Given data:
'''

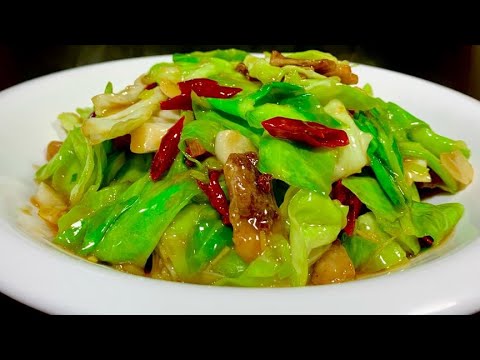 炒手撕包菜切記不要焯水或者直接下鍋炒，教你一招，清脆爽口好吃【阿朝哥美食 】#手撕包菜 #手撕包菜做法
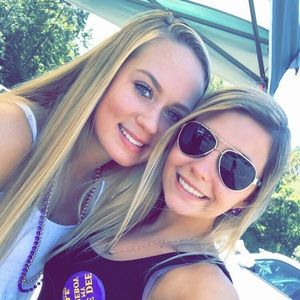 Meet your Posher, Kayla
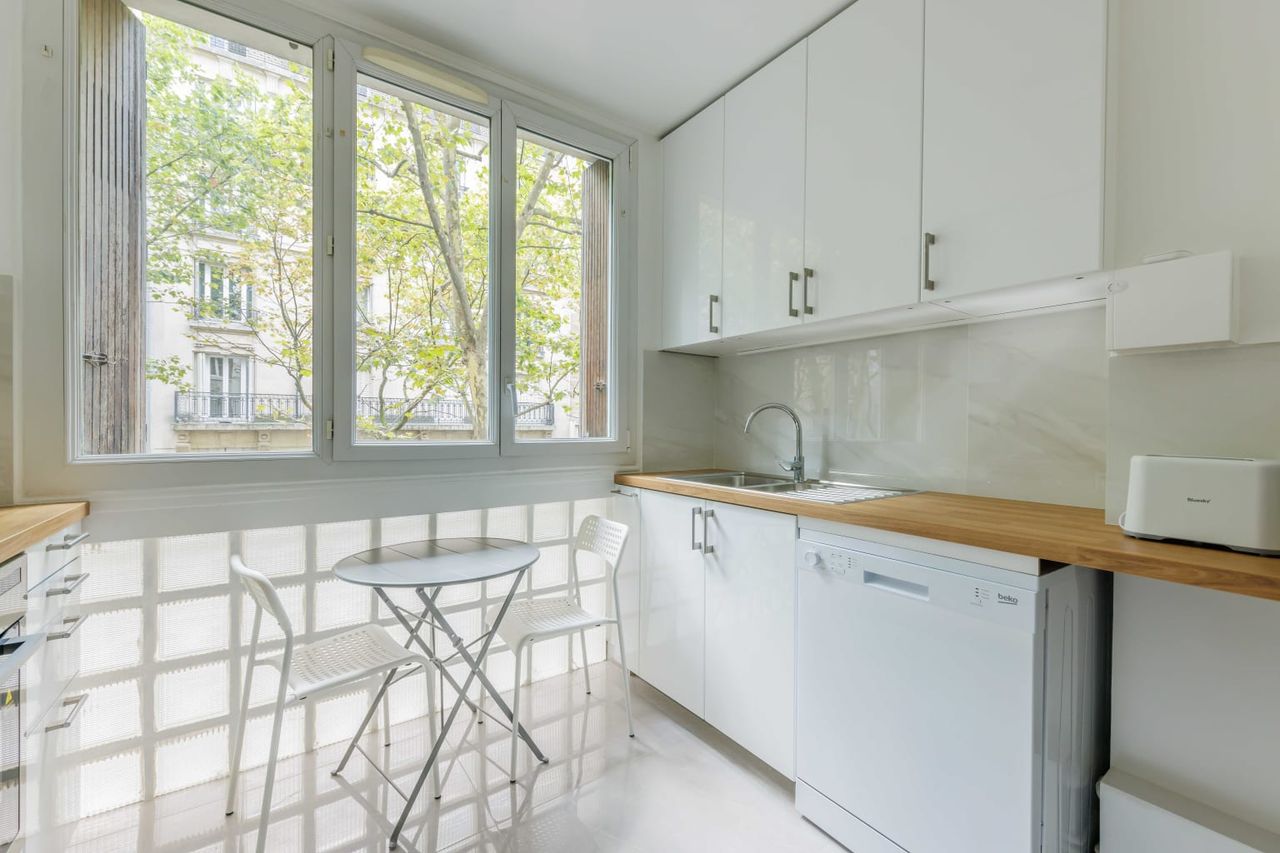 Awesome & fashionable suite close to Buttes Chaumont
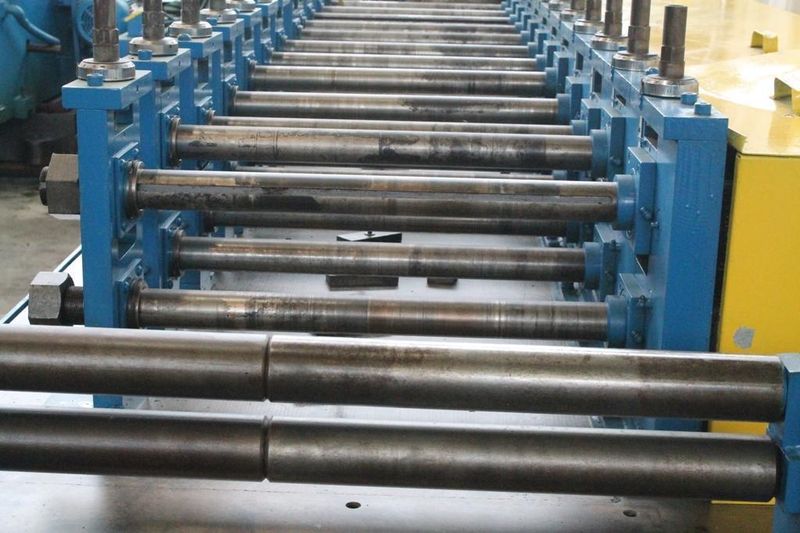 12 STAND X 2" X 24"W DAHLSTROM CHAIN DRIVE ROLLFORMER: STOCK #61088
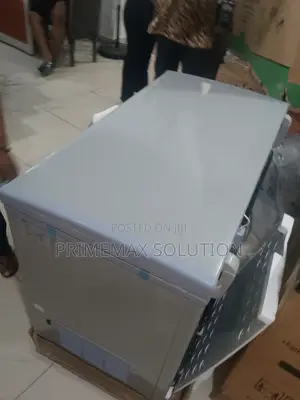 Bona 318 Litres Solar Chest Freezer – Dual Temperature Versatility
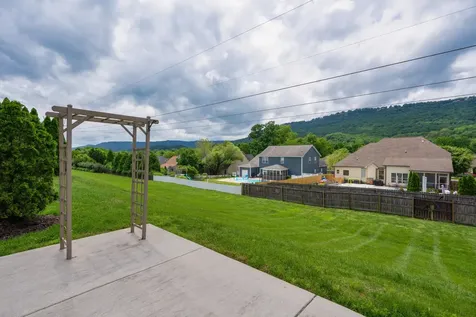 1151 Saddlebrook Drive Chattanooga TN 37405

'''

What you need to do:
The reply must consist of the complete listing, reproduced exactly, with no images.

Task answer:
 炒手撕包菜切記不要焯水或者直接下鍋炒，教你一招，清脆爽口好吃【阿朝哥美食 】#手撕包菜 #手撕包菜做法
 Meet your Posher, Kayla
 Awesome & fashionable suite close to Buttes Chaumont
 12 STAND X 2" X 24"W DAHLSTROM CHAIN DRIVE ROLLFORMER: STOCK #61088
 Bona 318 Litres Solar Chest Freezer – Dual Temperature Versatility
 1151 Saddlebrook Drive Chattanooga TN 37405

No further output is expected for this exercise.